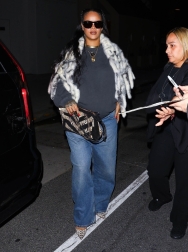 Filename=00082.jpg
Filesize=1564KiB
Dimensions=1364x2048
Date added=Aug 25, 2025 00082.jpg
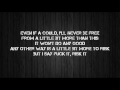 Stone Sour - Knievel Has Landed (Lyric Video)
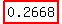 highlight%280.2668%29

====

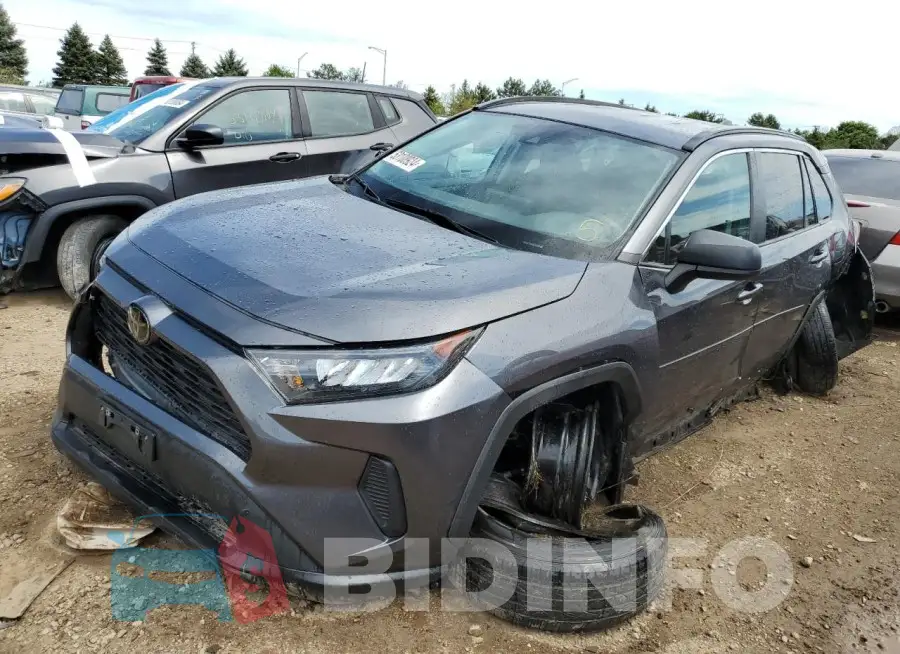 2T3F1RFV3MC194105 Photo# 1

====

● What is needed
Everything from the line with "Dimensions=1364x2048" down to the line with "highlight%280.2668%29" in the data above should be copied exactly, with both end lines kept and the pictures left out.

● Solution to the problem
Dimensions=1364x2048
Date added=Aug 25, 2025 00082.jpg
 Stone Sour - Knievel Has Landed (Lyric Video)
 highlight%280.2668%29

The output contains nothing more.